A Scrum Book has a great chapter on it (but they call it swarming instead of mobbing):
Working on too many things at once can radically reduce individual effectiveness, team velocity, or enterprise well-being. It can cripple velocity and can sometimes reduce it to zero. If everyone is working on their own thing individually, they are unlikely to help each other and, in the long term, learn from each other.
[…] Therefore, focus maximum team effort on one item in the Product Backlog and complete all known work as soon as possible. Whoever takes this item is Captain of the team. Everyone must help the Captain if they can and no one can interrupt the Captain.

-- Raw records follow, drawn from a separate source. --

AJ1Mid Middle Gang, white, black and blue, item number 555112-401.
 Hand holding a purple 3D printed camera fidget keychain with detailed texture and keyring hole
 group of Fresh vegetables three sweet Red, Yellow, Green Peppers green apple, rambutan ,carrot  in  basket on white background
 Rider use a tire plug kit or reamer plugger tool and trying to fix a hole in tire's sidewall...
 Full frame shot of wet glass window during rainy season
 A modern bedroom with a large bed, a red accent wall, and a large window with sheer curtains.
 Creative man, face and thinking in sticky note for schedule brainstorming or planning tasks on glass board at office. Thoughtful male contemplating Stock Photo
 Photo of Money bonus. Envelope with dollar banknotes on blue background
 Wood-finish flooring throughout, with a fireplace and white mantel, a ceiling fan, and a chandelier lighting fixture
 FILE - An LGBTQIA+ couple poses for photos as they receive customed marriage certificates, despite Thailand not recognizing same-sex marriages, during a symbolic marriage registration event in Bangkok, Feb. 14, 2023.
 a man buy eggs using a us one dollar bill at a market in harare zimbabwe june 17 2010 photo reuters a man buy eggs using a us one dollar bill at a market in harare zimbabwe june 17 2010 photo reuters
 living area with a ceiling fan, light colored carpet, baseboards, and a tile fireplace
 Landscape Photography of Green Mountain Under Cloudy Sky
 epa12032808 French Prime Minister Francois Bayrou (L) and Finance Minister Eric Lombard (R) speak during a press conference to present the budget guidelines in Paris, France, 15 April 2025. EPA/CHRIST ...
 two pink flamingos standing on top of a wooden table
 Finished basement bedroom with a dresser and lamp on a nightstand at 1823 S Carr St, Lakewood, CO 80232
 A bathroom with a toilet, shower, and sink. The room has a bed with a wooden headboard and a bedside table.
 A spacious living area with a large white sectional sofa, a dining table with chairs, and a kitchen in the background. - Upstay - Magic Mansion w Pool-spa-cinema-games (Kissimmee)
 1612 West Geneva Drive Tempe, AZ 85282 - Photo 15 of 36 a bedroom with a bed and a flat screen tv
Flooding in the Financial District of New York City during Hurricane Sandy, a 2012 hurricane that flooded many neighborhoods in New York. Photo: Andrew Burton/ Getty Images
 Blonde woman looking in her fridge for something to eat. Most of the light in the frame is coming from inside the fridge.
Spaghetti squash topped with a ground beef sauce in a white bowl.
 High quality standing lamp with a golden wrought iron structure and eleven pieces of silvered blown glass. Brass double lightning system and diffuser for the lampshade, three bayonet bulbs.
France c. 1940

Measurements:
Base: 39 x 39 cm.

As soon as the Captain is Done, whoever takes responsibility for the next backlog item is Captain.
A Scrum Book
There are some huge, gigantic, enormous, undeniable benefits to mobbing:
- You don’t really need code review anymore, since entire team helped write that code.
- Bus factor issues are nonexistent – everyone learns everything by default.
- Less dumb mistakes, less bugs, less rework.
- The bare minimum of partially done work: only one thing is in progress, ever.
- No handoffs and no waiting between stages of the development workflow.
- Laser focus: you’re not going to be distracted by Slack or Reddit during a mobbing session.
- All of that means that the cycle time for a ticket is ridiculous.
It all boils down to eliminating waste. Lean software development defines some common types of waste:
- Partially done work
- Extra features
- Relearning
- Task switching
- Waiting
- Handoffs
- Defects
- Management activities
The bold/italics ones are minimized or eliminated by mobbing. That is some silver bullet insanity.
So why isn’t it everywhere? It’s not a new concept; it’s been around for decades. Here are the common objections I see:
“There’s no way we’ll get as much done if we have everyone doing the same thing. For example, a five-person team would have to have 5x productivity when mobbing vs. working alone, and that’s impossible.” This is short term thinking. Sure, you won’t hit 5x productivity in the first week. But think about the compounding gains from learning from each other all day every day, minimizing bugs and rework, killing delays from waiting/handoffs, and removing code review.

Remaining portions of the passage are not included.